[Source data]
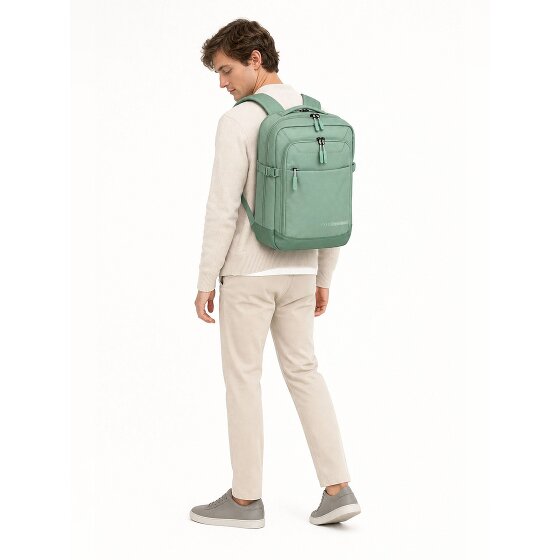 Travelite Kick Off Daypack 40 cm Laptop compartment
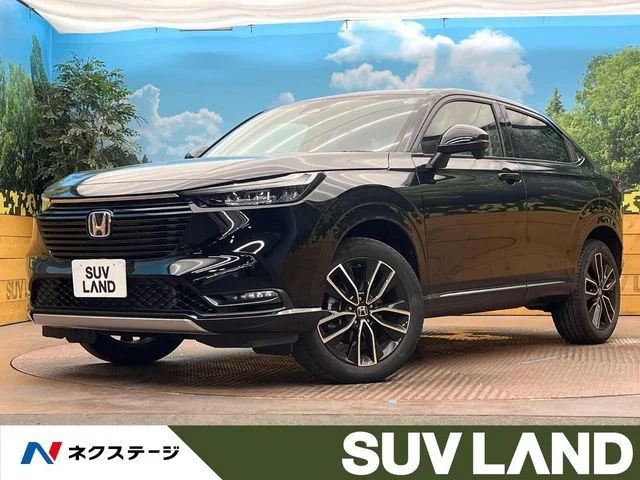Honda VEZEL e:HEV Z 2023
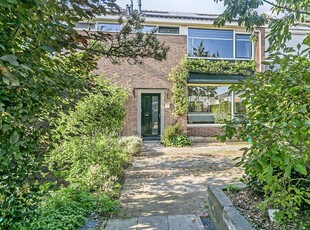 Ds Th Rijckewaerdstraat 7, Brielle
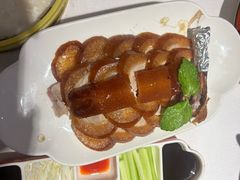 -大鸭梨烤鸭·北京菜(大兴南小街店)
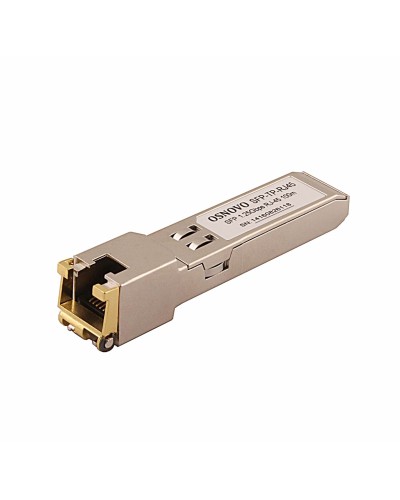 SFP-TP-RJ45(1G). SFP-модуль. OSNOVO в Костроме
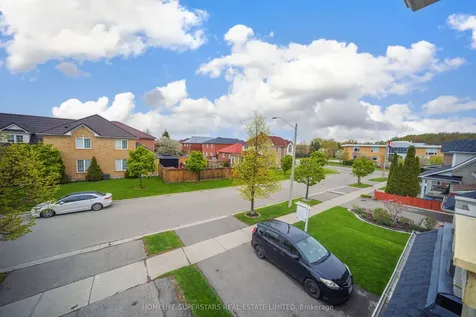 3836 Baycroft Drive Mississauga ON L5N 8J5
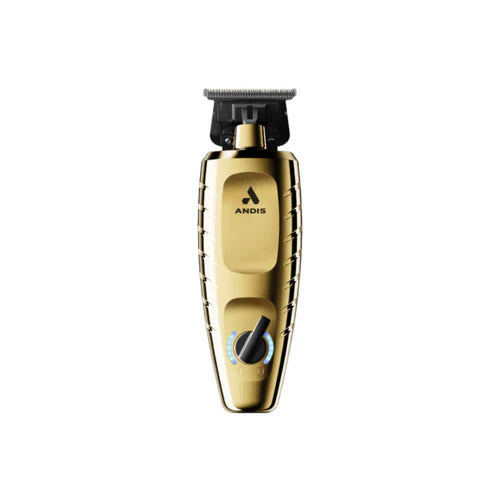 Andis GTX-EXO II M-Force Cordless Trimmer – Gold Edition (ORLS-2 562168)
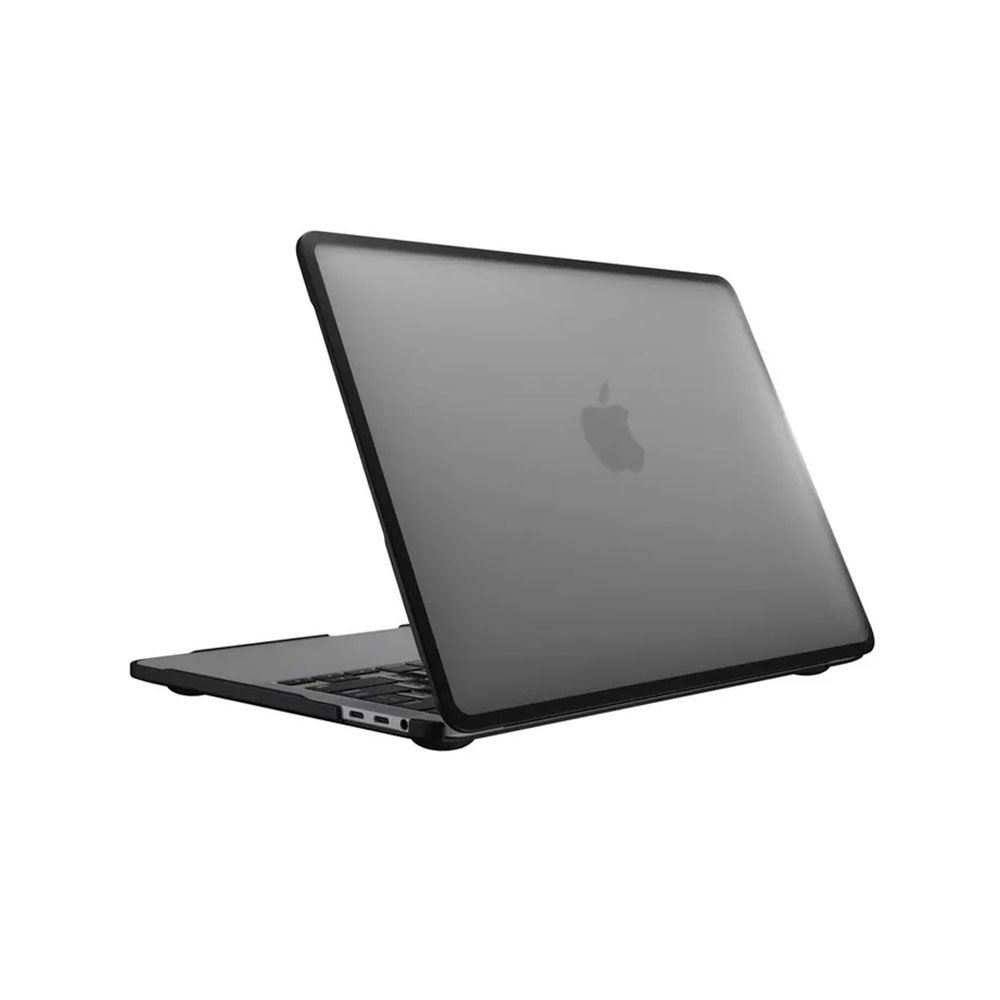 SwitchEasy Defender Protective Case pre MacBook Air 13" M2 2022 - Clear SMB136092TR23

→ Task statement:
Word for word, give back each entry from above, but skip any picture.

→ Task answer:
 Travelite Kick Off Daypack 40 cm Laptop compartment
Honda VEZEL e:HEV Z 2023
 Ds Th Rijckewaerdstraat 7, Brielle
 -大鸭梨烤鸭·北京菜(大兴南小街店)
 SFP-TP-RJ45(1G). SFP-модуль. OSNOVO в Костроме
 3836 Baycroft Drive Mississauga ON L5N 8J5
 Andis GTX-EXO II M-Force Cordless Trimmer – Gold Edition (ORLS-2 562168)
 SwitchEasy Defender Protective Case pre MacBook Air 13" M2 2022 - Clear SMB136092TR23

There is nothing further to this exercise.